El bello e insolente oficial que había ambicionado ser emperador del Sistema estaba reducido a una bazofia convulsionada y digna de compasión.
—¡Dejadme! ¡Dejadme! —La voz era tan aguda y delirante que no parecía brotar de una garganta humana—. ¡Haré lo que queráis! ¡Haré cualquier cosa! ¡La obligaré a revelar su secreto! ¡La mataré si queréis! ¡Pero no lo soporto más! ¡Dejadme!
—No te haremos daño —dijo John Star, tratando de apaciguar aquella ruina temblorosa, y horrorizado por el sentido de lo que revelaban sus aullidos—. Somos hombres. No te lastimaremos. Soy John Ulnar. Tú me conoces. No te haremos daño.
—¿John Ulnar? —los ojos enrojecidos y febriles se desencajaron con una súbita y frenética expresión de esperanza—. Sí, sí, eres John.
Y, súbitamente sacudido por los sollozos, se aferró a su hombro.

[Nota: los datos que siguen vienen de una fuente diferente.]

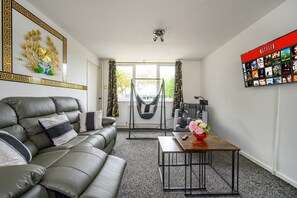Un salon moderne avec un canapé en cuir, une table basse, un hamac et un écran Netflix fixé au mur.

—¡Los medusas! —El lamento transmitió algo más que un dolor humano—. ¡Nos engañaron! ¡Están asesinando a la humanidad! Bombardean el Sistema con el gas rojo, para que éste consuma los cuerpos de los hombres y los enloquezca. ¡Están acabando con la humanidad!
—¿Dónde está Aladoree? —preguntó John Star.
—¡Me obligan a torturarla! —sollozó la voz débil, delirante—. Quieren su secreto. Quieren el AKKA. Pero ella no cede. Y ellos no me dejarán morir hasta que Aladoree hable. ¡No me dejarán morir! —gritó—. ¡No me dejarán morir! Pero cuando lo revele, nos matarán a todos.